A constatação central: a presença de códigos de conduta, canais de denúncia e declarações éticas é generalizada, mas não garante que a integridade faça parte da cultura da organização.
As empresas do Grupo 1 — como Itaú, Magazine Luiza e Vivo — apresentaram diferenciais claros:
- Auditorias internas e externas frequentes;
- Certificações independentes, como ISO 37001 e selo Pró-Ética;
- Bônus atrelados a metas de integridade e sustentabilidade;
- Rotatividade de membros independentes em comitês de integridade.
Já o Grupo 2 — incluindo Americanas, Braskem e Gol — revelou práticas que comprometeram a confiança nos programas:
- Obsessão por metas financeiras nos códigos de conduta;
- Ausência de auditorias e certificações;
- Políticas de remuneração com foco exclusivo em lucros;
- Comitês “independentes” com os mesmos membros há muitos anos.
Com base nessa análise, o artigo desenvolveu um modelo composto por 16 elementos de avaliação, divididos em 11 aspectos formais (como due diligence de terceiros, controles contábeis e canal de denúncias) e 5 aspectos informais (como cultura ética, liderança, visão de longo prazo e direcionamento por valores). A proposta é permitir que investidores, reguladores, jornalistas e a sociedade civil consigam identificar sinais concretos — mesmo sem acesso a dados internos.

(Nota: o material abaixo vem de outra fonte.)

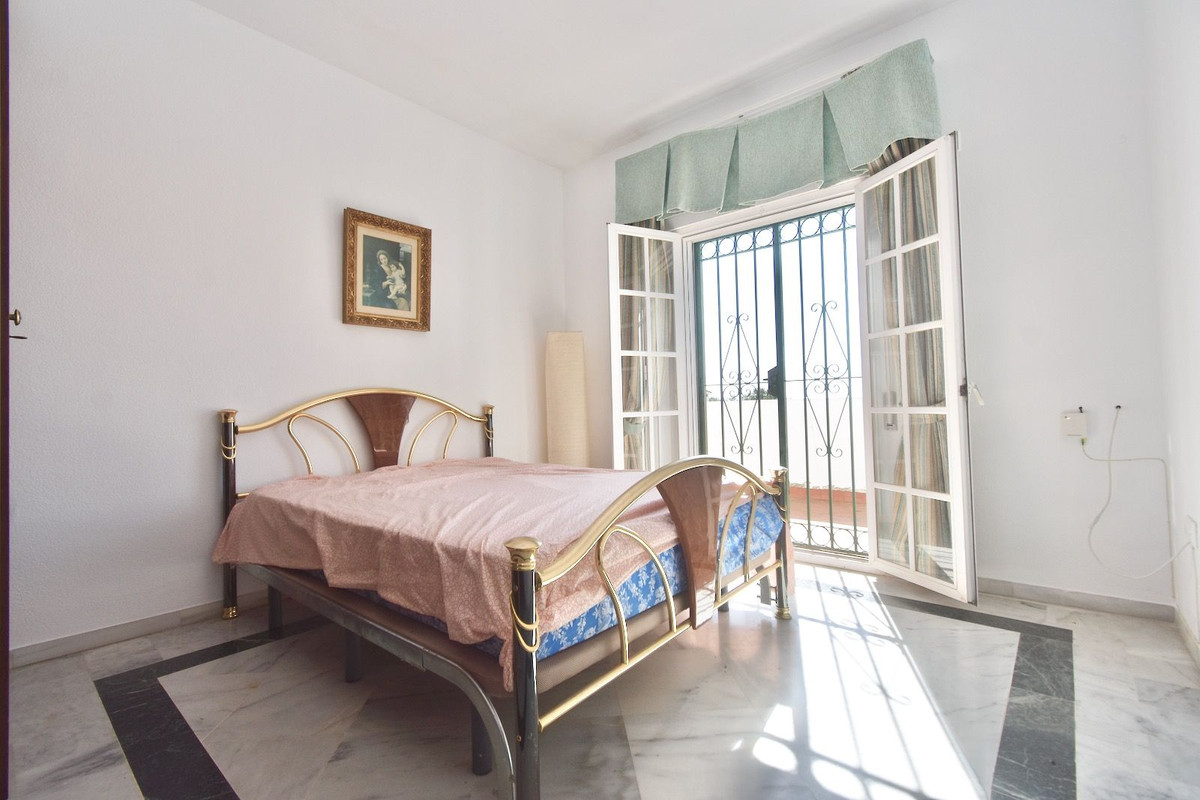 Se vende Villa - Chalet de 5 dormitorios en Costa Del Sol, Málaga, España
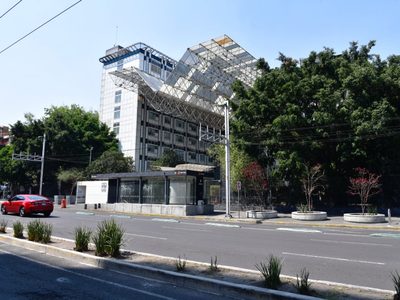 Personal del Hospital 20 de Noviembre del ISSSTE protesta por retraso en vales de fin de año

Conclusão? Ter um programa de integridade não é o mesmo que praticar integridade. Os resultados do estudo mostram que a efetividade depende da integração entre o que está formalizado e o que é vivido na cultura da empresa. E essa cultura, embora difícil de observar diretamente, deixa pistas — especialmente quando a ética está de fato presente na forma como decisões são tomadas, resultados são medidos e pessoas são incentivadas.